Loi 104 - Un échec programmé par le PQ, selon Christine St-Pierre

Pierre Curzi qualifie de paranoïa la thèse voulant que les péquistes ont voulu créer une crise linguistique en sabotant le projet de loi visant à empêcher le stratagème des écoles-passerelles

Loi 104 - Les écoles passerelles - réplique à la Cour suprême

Québec -- L'échec de la loi 104 devant la plus haute cour du pays avait été programmé par le gouvernement péquiste pour créer une crise linguistique, comme celles que Jacques Parizeau estime bonnes pour la cause. C'est la surprenante thèse que Christine St-Pierre a défendue, lors d'une interpellation, hier en Chambre. Ce qui a conduit le porte-parole du Parti québécois en matière de langue, Pierre Curzi, à qualifier des propos de la ministre de paranoïaques pour une deuxième fois cette semaine.
Ministre de l'Application de la Charte de la langue française, Mme St-Pierre a soutenu qu'en 2002, plusieurs «mises en garde» avaient été faites au Parti québécois au sujet de ce projet de loi qui visait à empêcher le stratagème des écoles-passerelles: inscrire un enfant pendant un an dans une école privée non subventionnée pour s'acheter par la suite un droit au réseau scolaire anglophone subventionné. La Cour suprême l'a déclarée anticonstitutionnelle le mois dernier, donnant un an au gouvernement du Québec pour réagir.
Citant les débats qui avaient entouré l'adoption de la loi, la ministre a soutenu que «l'opposition libérale d'alors avait souligné le danger qu'une loi de ce genre ne passe pas le test constitutionnel». À l'époque, a-t-elle insisté, le Mouvement national des Québécois espérait que les tribunaux refusent la loi «afin de donner plus d'énergie au mouvement séparatiste, souverainiste, et nourrir son argumentaire». Elle voit ici à l'oeuvre une stratégie connue: «On croirait relire M. Parizeau, qui pense qu'il n'est rien de mieux qu'une bonne chicane avec le fédéral pour stimuler les souverainistes.

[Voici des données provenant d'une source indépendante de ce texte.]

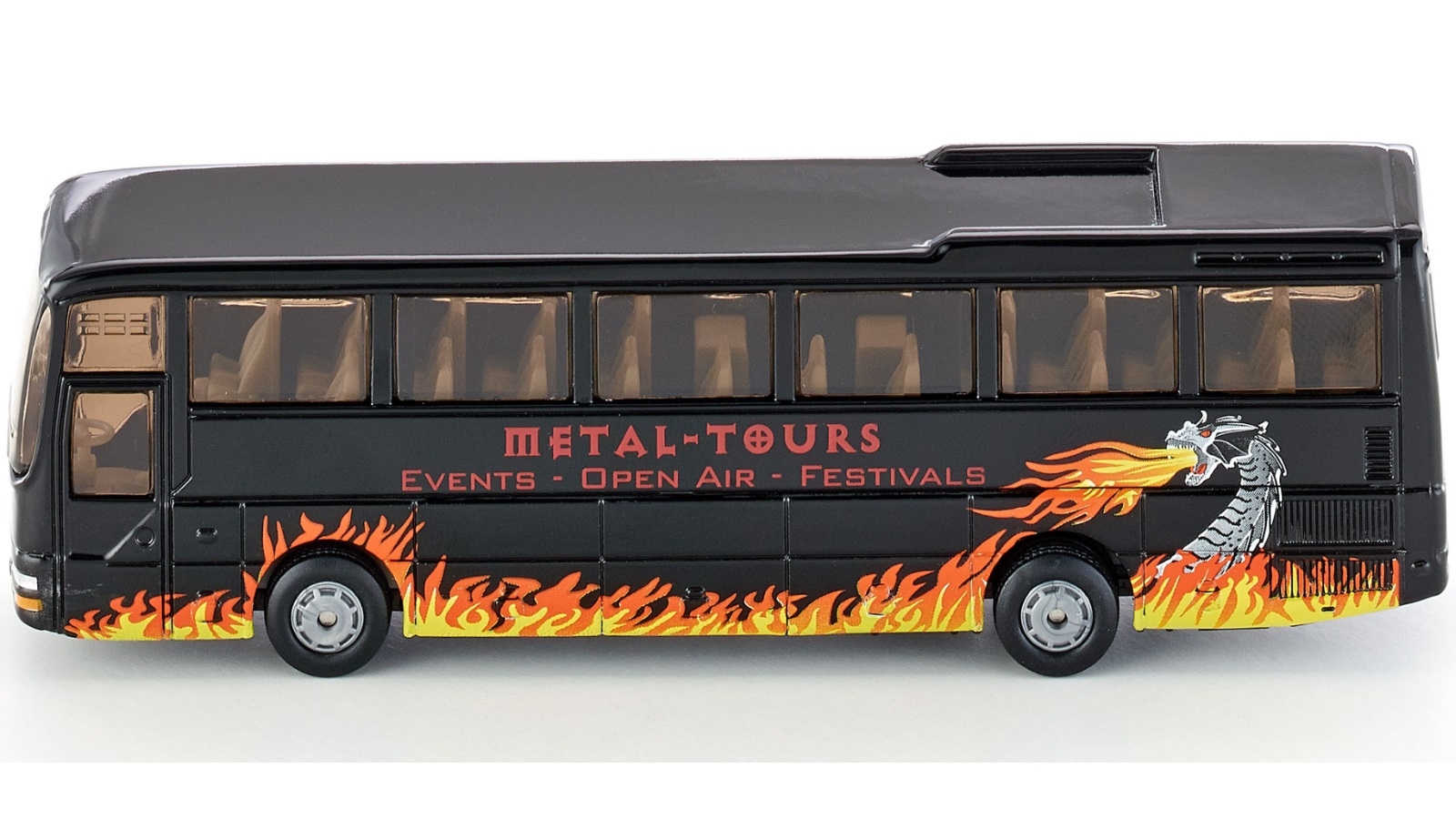 Siku Man Truck and Bus AG Couch - 1:87 Scale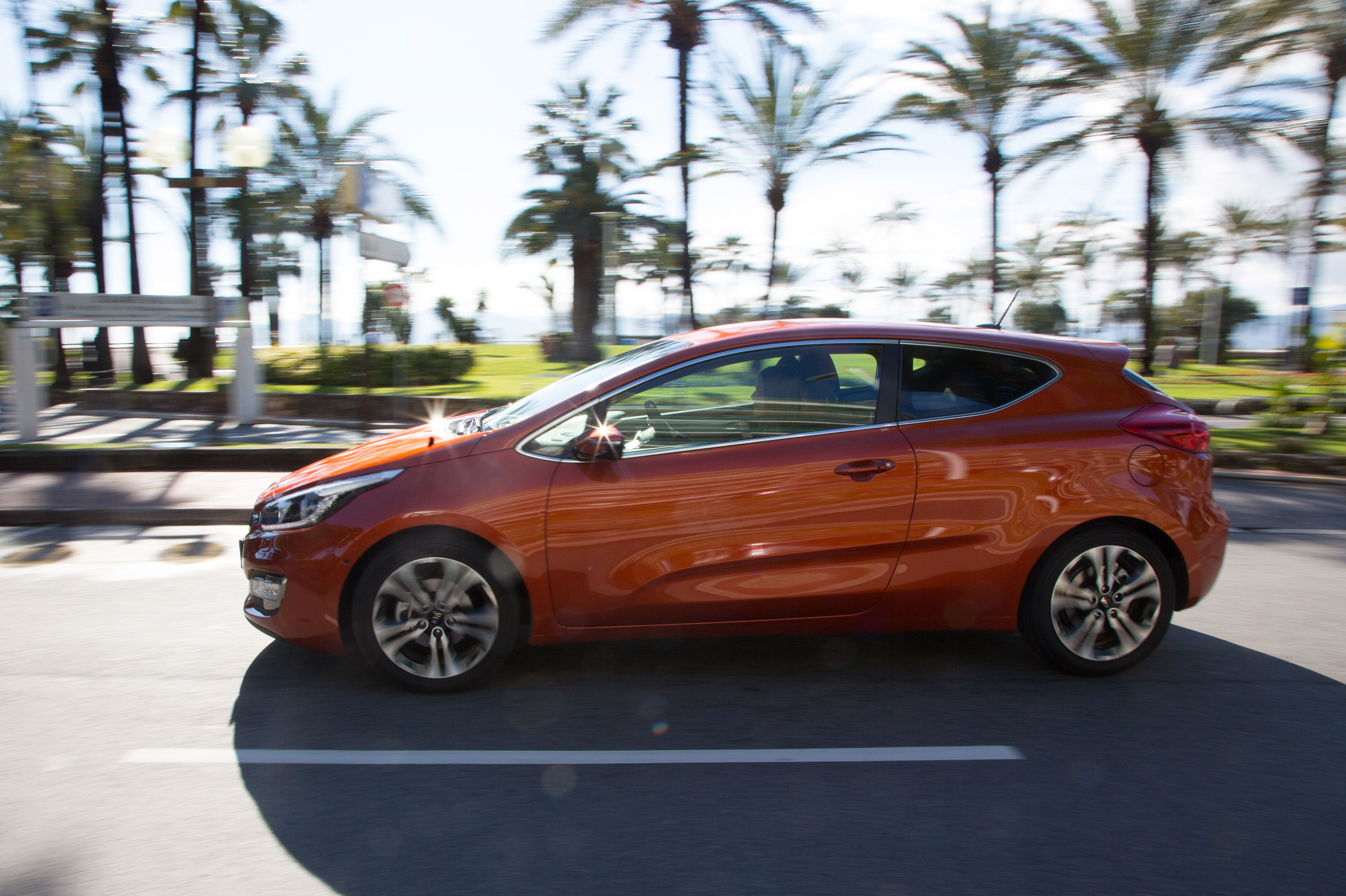 Kia Pro Ceed photo #24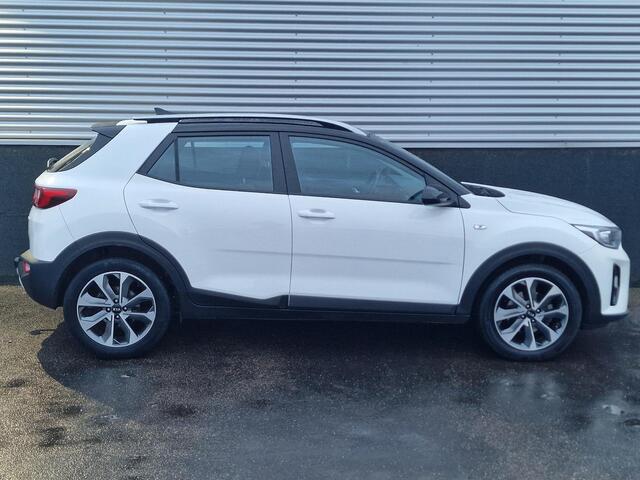 KIA Stonic 1.0 T-GDi DynamicLine Trekhaak, Nieuw geleverd en dealeronderhouden, Navigatie, Achteruitrijcamera, LMV, Cruise control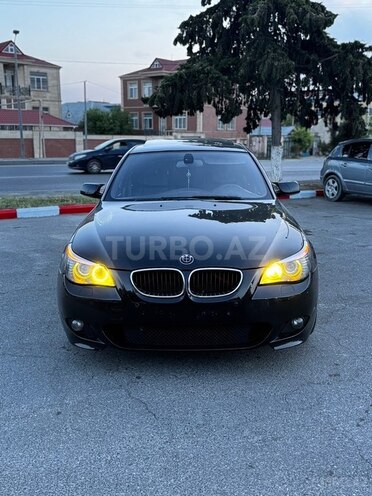 BMW 525-4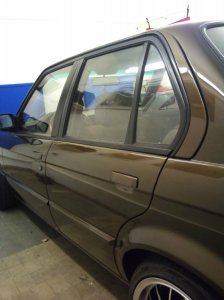E30 320i/325 24V Marrakeschbraun - 3er BMW - E30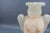 Neoclassical Style Alabaster Amphora-Shaped Table Lamp, 1930s For Sale - Image 12 of 18
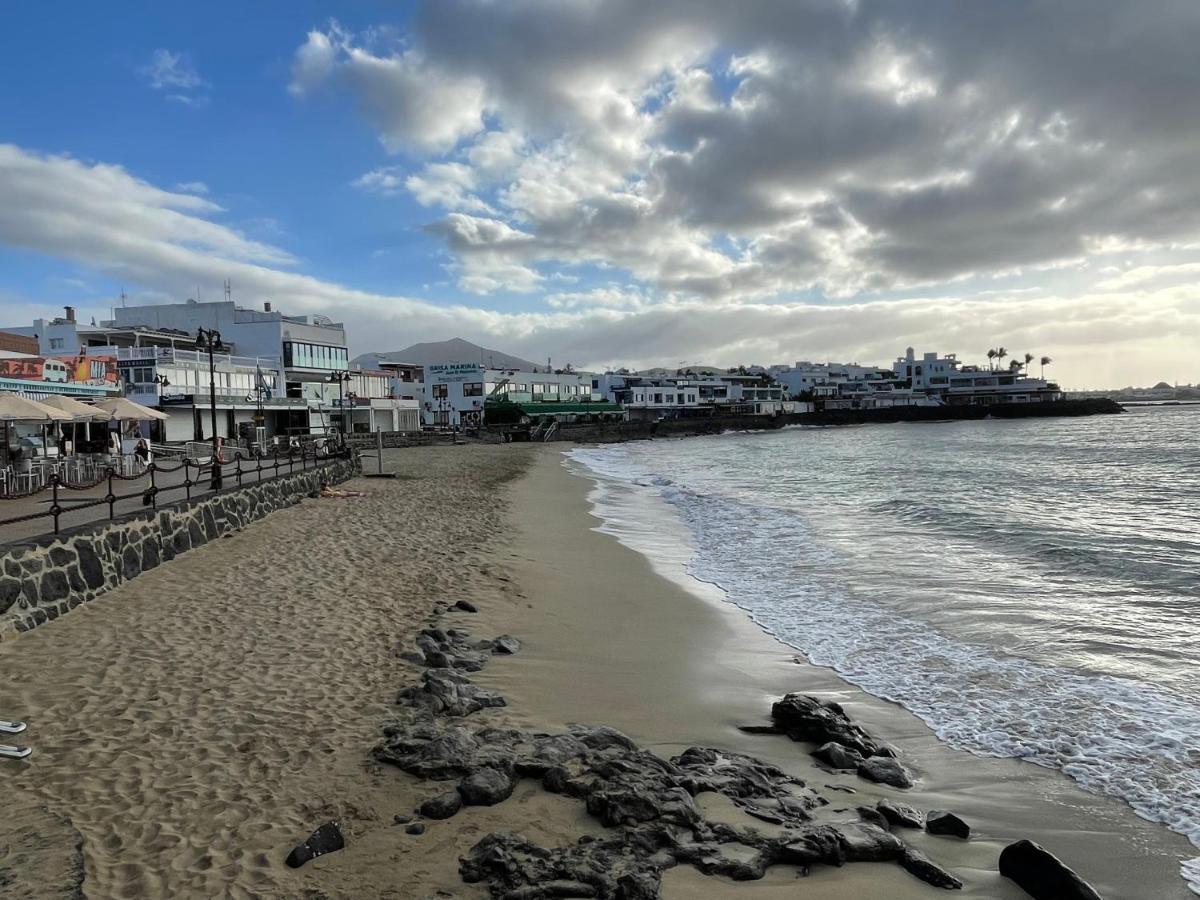 Izaro Apartamento Atico De Lujo Cerca De Playa Dorada Playa Blanca  Exterior foto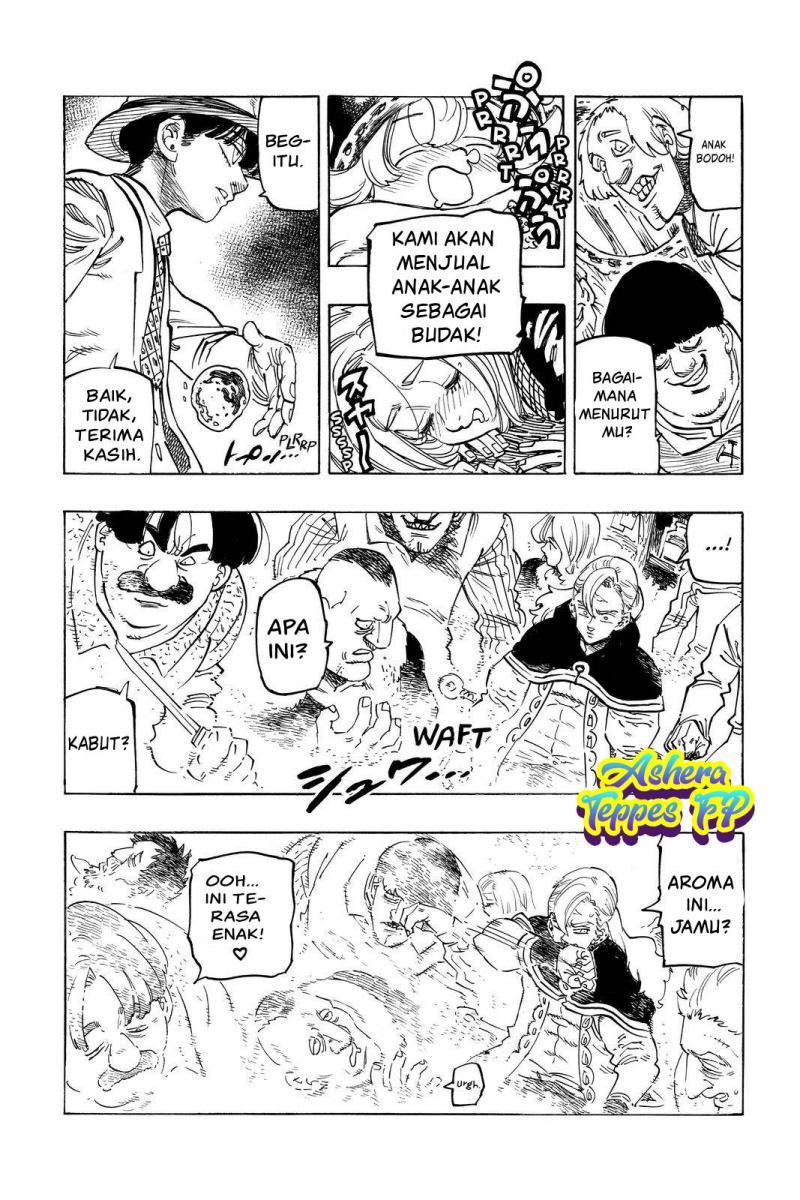 Mokushiroku no Yonkishi Chapter 27
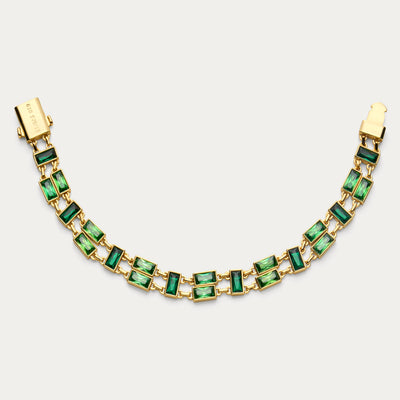 GOLD LANE BRACELET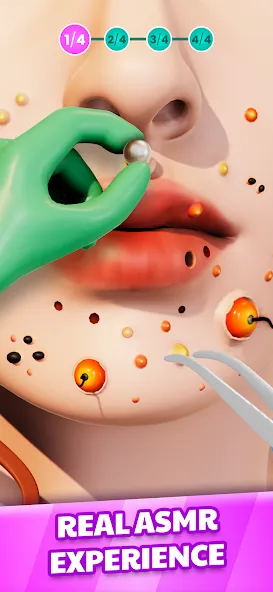 Beauty Care! [MOD: безлимитные деньги и все наряды] Screenshot 2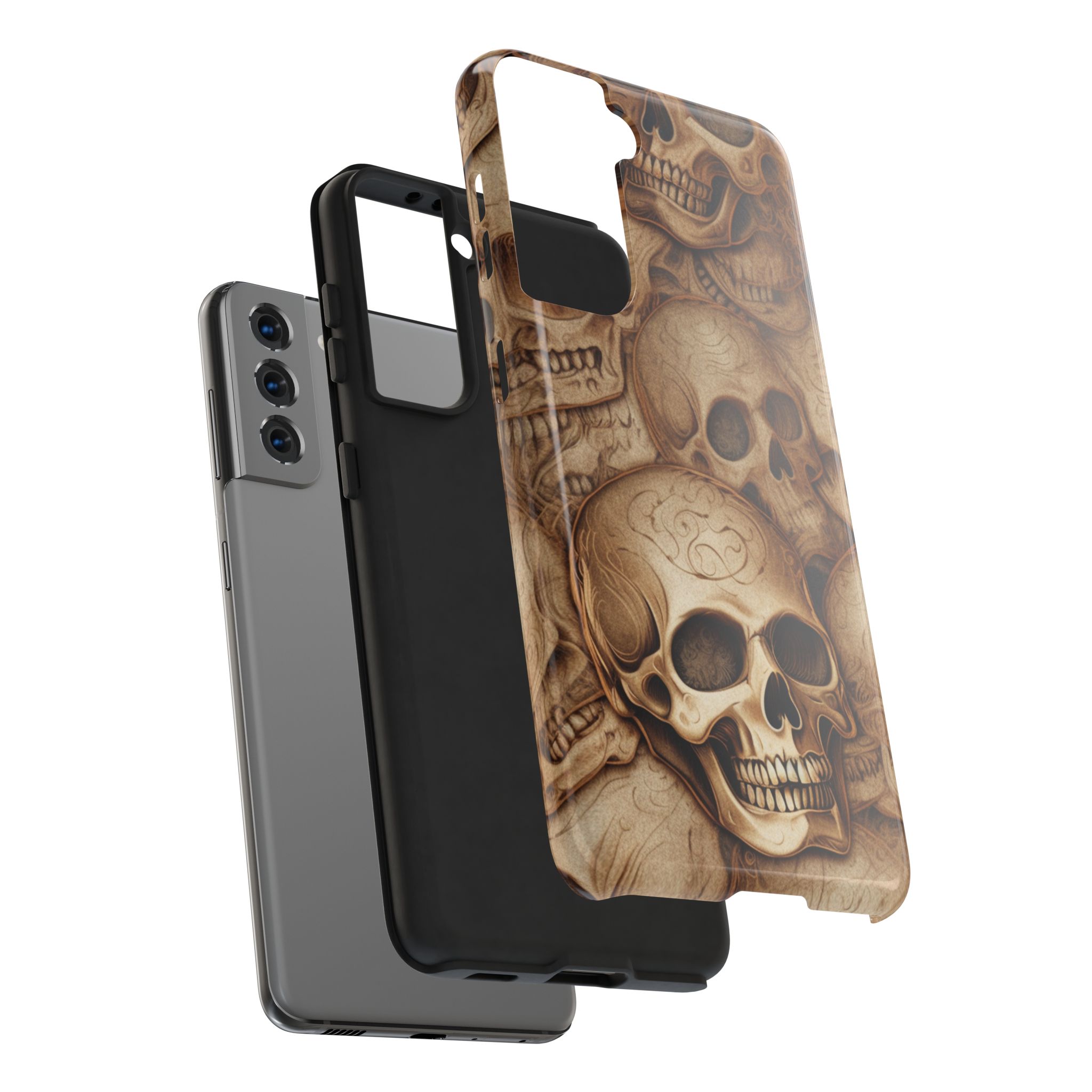 IPhone, Samsung,Tough Phone Cases, Case-Mate, Skullduggery - Image 2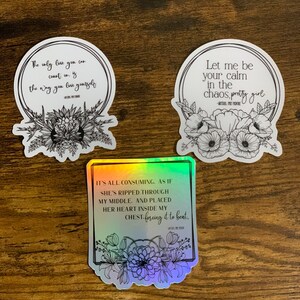 Never After Series Fan Packs - Etsy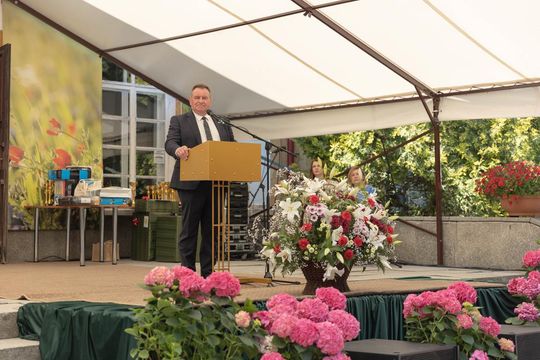 XXXVII Wystawa Maszyn i Urządzeń Rolniczych w Sitnie - galeria zdjęć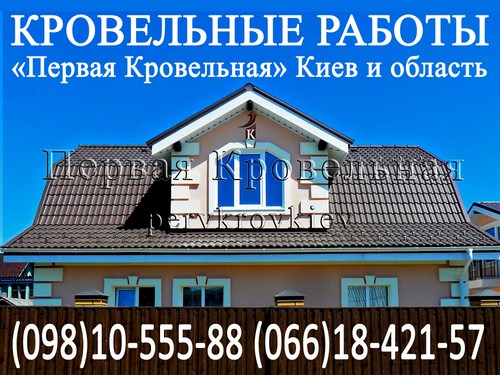 Кровельные работы. Замена кровли. Ремонт кровли.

C'est à se demander si les souverainistes ne se frottent pas les mains quand le Québec perd en Cour suprême sur cette question.»
Mme St-Pierre a par la suite enchaîné en lançant: «Je m'interroge sincèrement à savoir si le Parti québécois avait des avis juridiques à ce sujet lorsqu'il a présenté la loi. Si c'est le cas, les ministres ont dû en être informés. S'il en avait, le gouvernement du PQ [...] nous a engagés de manière délibérée dans un cul-de-sac [...]. Nous récoltons aujourd'hui le fruit, puisqu'il avait dû, je le répète, analyser.»
Paranoïa
Le député Pierre Curzi a soutenu en entretien avec Le Devoir que c'était là «de la pure et totale paranoïa». Il a fait valoir que les libéraux, Jean Charest en tête, avaient voté pour la loi. Plus tôt cette semaine, M. Curzi avait dit déceler des traces de paranoïa dans une surprenante attaque de la ministre en Chambre.
Par ailleurs, Mme St-Pierre n'a donné aucune indication, hier, de ce qu'elle entendait faire pour répondre au jugement de la Cour suprême. Elle a cité une kyrielle d'«experts» et d'observateurs qui divergeaient d'opinion sur la question, sans indiquer dans quel sens elle songeait se diriger.
M. Curzi et Alexandre Cloutier ont proposé leur «solution entérinée par la majorité des gens qui réfléchissent sur cette question depuis de nombreuses années»: appliquer la loi 101 aux écoles privées non subventionnées. Il faudrait selon eux en profiter pour ajouter à cette nouvelle loi la clause dérogatoire des deux chartes, la canadienne et la québécoise. On la nomme ainsi parce qu'elle permet à une loi de s'appliquer «nonobstant» certaines dispositions des chartes, celles sur les droits fondamentaux.
Pour répondre au jugement sur la loi 104, le gouvernement ne peut pas avoir recours à la clause nonobstant puisque le tribunal a tranché en vertu de l'article 23 sur les droits linguistiques. Toutefois, M. Cloutier a expliqué que le recours aux fameuses clauses préviendrait un recours contre une éventuelle loi 101 renforcée s'appliquant aux écoles privées non subventionnées. Ce recours invoquerait probablement, a expliqué le député, le droit à la liberté tant de la Charte canadienne que la Charte québécoise. «On pourrait utiliser la clause nonobstant pour ces deux avenues-là. Ce qui nous permet [...] de mettre la ceinture, puis de rajouter les bretelles», a illustré M. Cloutier.